Our remarkable growth was recently validated by a $400 million Series D funding round. In just three months, we've welcomed new customers like Capital One, Lovable, Decagon, Polymarket, and Airwallex, joining our existing roster of AI trailblazers and global brands, including Meta, Cursor, Sony, and Tesla.
Join us as we revolutionize the way companies harness data!
About the Team
The Release Team is dedicated to the seamless and secure delivery of ClickHouse Cloud, a managed database platform that operates tens of thousands of ClickHouse clusters. Our responsibilities include scaling upgrades and maintenance of these clusters, developing the internal tools that facilitate this process, and serving as the final line of defense when unexpected issues arise.
About the Role
This position offers a balanced mix of operational execution and software development. You will oversee operations: coordinating upgrades, managing exceptions that deviate from the norm, and ensuring the health of thousands of clusters in production. Concurrently, you will enhance the systems that make each rollout safer and more automated than the last. If you thrive on both crafting and implementing processes, including navigating the complexities, we want you on our team!
What You'll Do
- Plan and implement rolling upgrades across a vast array of ClickHouse clusters, prioritizing safety, accuracy, and minimal disruption to customers.

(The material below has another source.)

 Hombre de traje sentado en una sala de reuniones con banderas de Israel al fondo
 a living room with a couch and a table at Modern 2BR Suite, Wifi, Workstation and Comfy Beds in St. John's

- Manage the entire release pipeline, from pre-upgrade validation and staged rollouts to post-upgrade monitoring and incident response.
- Analyze and resolve production issues as part of a regular on-call schedule, including unique clusters and scenarios that current automation cannot address.
- Develop and refine the internal tools and automation that ensure reliable and repeatable large-scale database operations.
- Collaborate closely with core database and cloud infrastructure teams to identify and resolve operational challenges.
- Provide support and training to other engineering teams utilizing our internal tools.